Who is going to win the Copa América? This is what our statistical model predicts
EL PAÍS predicts the outcome of the tournament, in which Argentina and Brazil start as favorites, although in one out of every three simulations another team will win. Predictions are updated every day
What are the chances each nation has of winning the Copa América? We look at this question by simulating the outcome of the tournament thousands of times. This way we can calculate how likely it is that each team will to reach the round of 16, or win the tournament.
TEAM |
---|
EP INDEX | QUARTERFINALS | SEMIFINALS | FINAL | WINNER |
---|
The table above shows which teams are the favorites and by how much. The data also demonstrates the enormous uncertainty of the playing field. Soccer is an unpredictable sport, and our model takes that into account: that’s why, although Argentina is the favorite, 66% of the time the Albiceleste will not lift the trophy.
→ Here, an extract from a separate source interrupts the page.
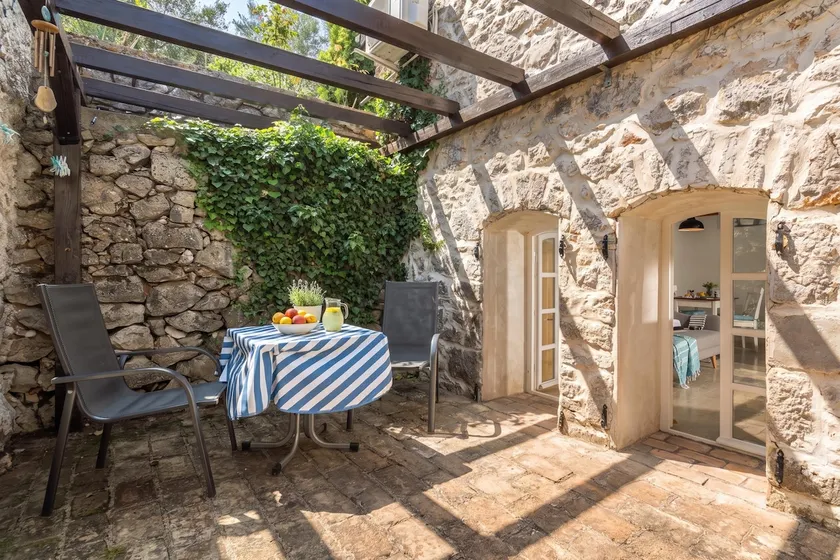 La Rocca Duo - Hidden In Istria - Image 1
This is the fourth time EL PAÍS has published predictions for a tournament, after the 2018 and 2022 World Cups and the ongoing European Championship. The full methodology can be read at the bottom of the page, although the essence of the model is simple: we feed it with data on the results of each national team and the quality of its players, and then simulate the tournament thousands of times.
By clicking on the button below you can simulate the Copa América from the quarterfinals using our model to see who wins. If you click again, you will perform a second simulation and in all likelihood another team will win. Your winners accumulate in the table.
If you spend some time playing with this, you will see that the winning percentages align with the table at the top of the page. It will do so slowly, because that’s how chance works.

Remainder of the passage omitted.